Raadpleeg voor speciale gevallen (bv. installatie van een kinderzitje) een merkdealer.
– Zorg dat er geen voorwerpen tussen de riemen worden gestoken die speling kunnen veroorzaken (wasknijpers, klemmetjes, enz.):
een autogordel die te los zit, kan verwondingen veroorzaken in geval van een ongeluk.
– Draag nooit de schoudergordel achter de rug of onder de arm langs aan de kant van het portier.

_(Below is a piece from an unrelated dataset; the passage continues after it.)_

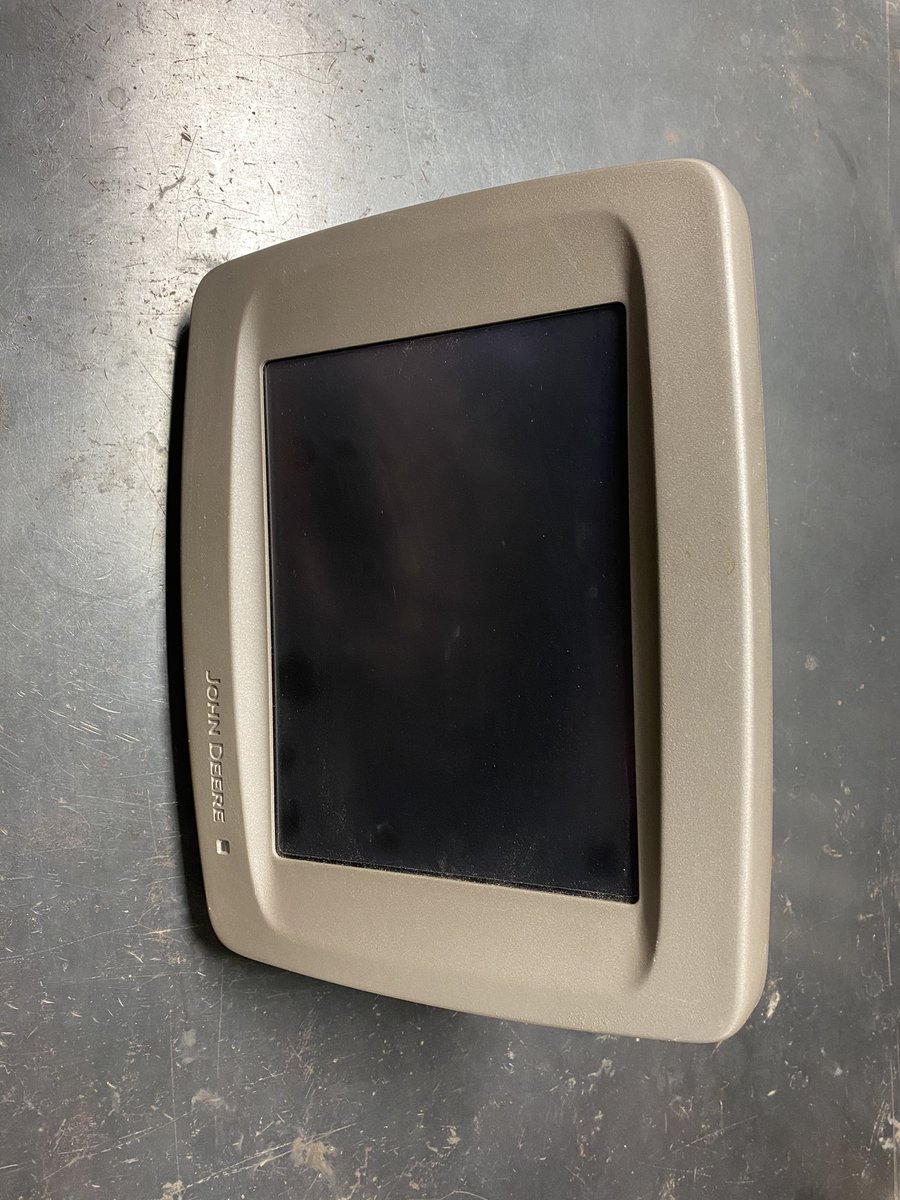 51Hitz's tweet photo. Selling John Deere 2600 and starfire 3000 receiver for $10,000. Both have sf1 activations. Let me know if you have any questions. https://t.co/CZMvcDk9Hv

– Een autogordel mag nooit door meer personen tegelijk gebruikt worden; sla uw gordel nooit om een baby of een kind heen dat op uw schoot
zit.
– De gordel mag niet gedraaid zijn.
– Na een botsing moet u de gordels laten controleren en indien nodig vervangen. Gordels die beschadigingen vertonen moeten ook worden
vervangen.
– Let er bij het terugplaatsen van de achterbank op dat de autogordels en sluitingen goed zitten, zodat deze weer op de juiste wijze kunnen
worden gebruikt.
– Let op dat de gesp van de gordel in de juiste sluiting vastzit.
– Zorg dat er geen voorwerp in de sluiting van de gordel kan komen waardoor de werking belemmerd wordt.
– Zorg dat u de sluiting goed plaatst (deze mag niet verborgen of bedekt worden door of blijven haken achter personen of voorwerpen).